Он ставит перед нею поднос с приготовленной едой. Потом берет молоток и начинает приколачивать доску над дверью, там, где осталась дыра.

— Это чтобы вы не мерзли.

— Ах, Тицио, как вы добры! С вами я отдыхаю от суровости моих родных братьев.

— А они суровы?

— Еще как! А мои золовки меня ненавидят.

— В семьях это уж всегда так.

Оставшись в одиночестве, она опять заснула на низком диване, укутанная в три одеяла и накрытая поверх них рысьим манто.

Мыться она не стала. «Не хочу больше мыться!» До чего же приятно попасть в ванную, где еще ничего не стоит, только на цементной стене крупными синими буквами выписано:

BAGNO

LAVABO[16]

А он вернулся в свою просторную темноватую комнату, где поблескивают реторты. Затворил дверцы шкафа-кухоньки и читает при свете настольной лампы. Долго. Потом тоже засыпает, прямо в одежде.

Утром она встает очень рано. Поскольку чувствует себя удивительно счастливой. И не хочет терять ни минуты этого нового дня. Она спускается вниз, на первый этаж, идет вдоль внутреннего канала, куда Тицио сможет отвести воду из речки, с живой форелью. «А еще я, наверное, буду разводить здесь креветок», — сказал он вчера.

Пройдя по дубовым плашкам, звонко хлопающим под ногами, она отворяет застекленную дверь и выходит.

Пальмы в саду обмахивают ее бахромчатыми ветвями, самшит дышит горьким своим ароматом. Она замечает на камелии готовый распуститься бутон. Поток, что всю ночь издали убаюкивал ее, теперь бежит рядом. Но она покидает его, решив взобраться по каменистой уступчатой тропе на холм. Там ей встречается пестрый петух; напыжившись и преградив ей путь, он воинственно взирает на нее круглым, черным глазом. Она грозит ему, и он легонько клюет ее в палец.

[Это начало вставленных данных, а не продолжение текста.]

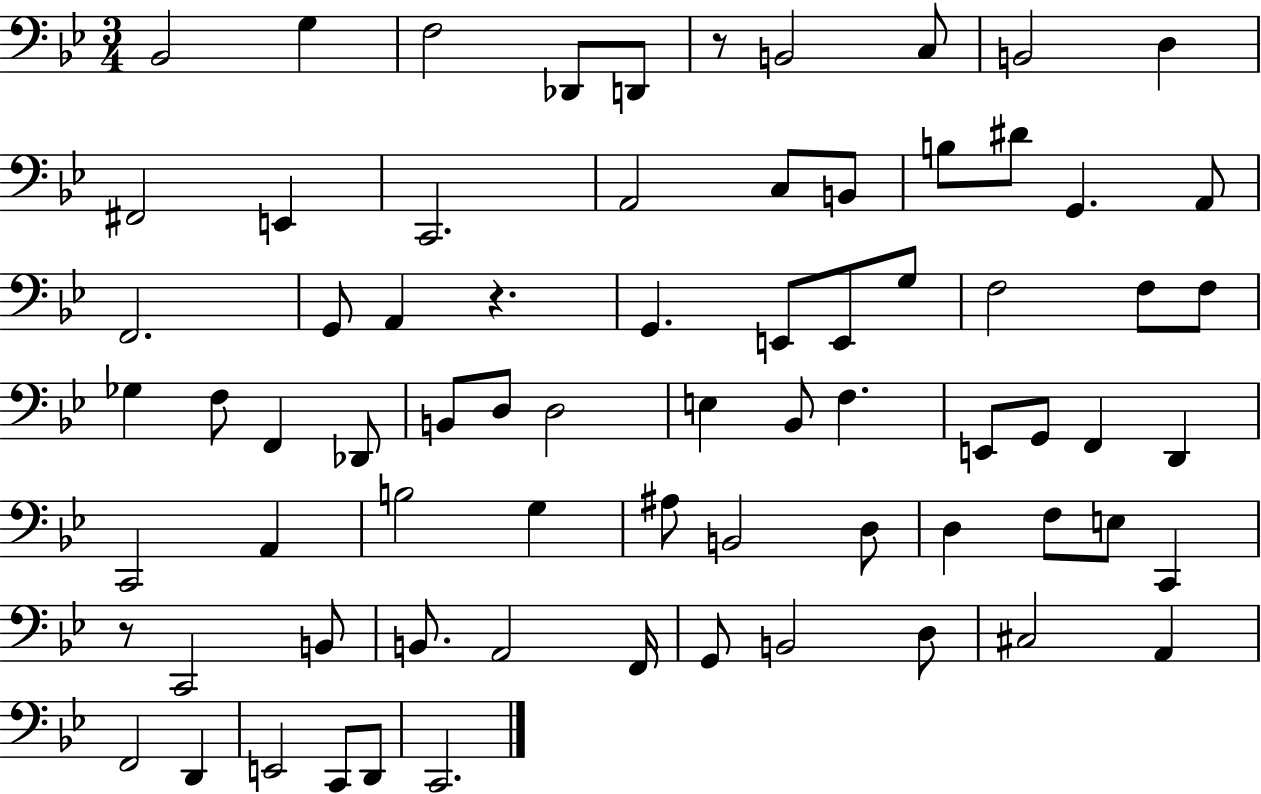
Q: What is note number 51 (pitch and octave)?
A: D3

Она карабкается по склону, усыпанному палой листвой, но очень скоро устает. «Мне теперь все время хочется спать». Из пальца сочится кровь бледно-розового цвета, и она заматывает его носовым платком. Перед нею, на раскрошенной гранитной ступеньке, блестит осколочек кварца. Она подбирает его, и ей представляются те драгоценные камни, какими женщины на Востоке инкрустируют себе лица. Забавы ради она вдавливает камень в ладонь. Твердый остроконечный кристалл легко входит в нее. И совершенно не причиняет боли. Она сжимает руку.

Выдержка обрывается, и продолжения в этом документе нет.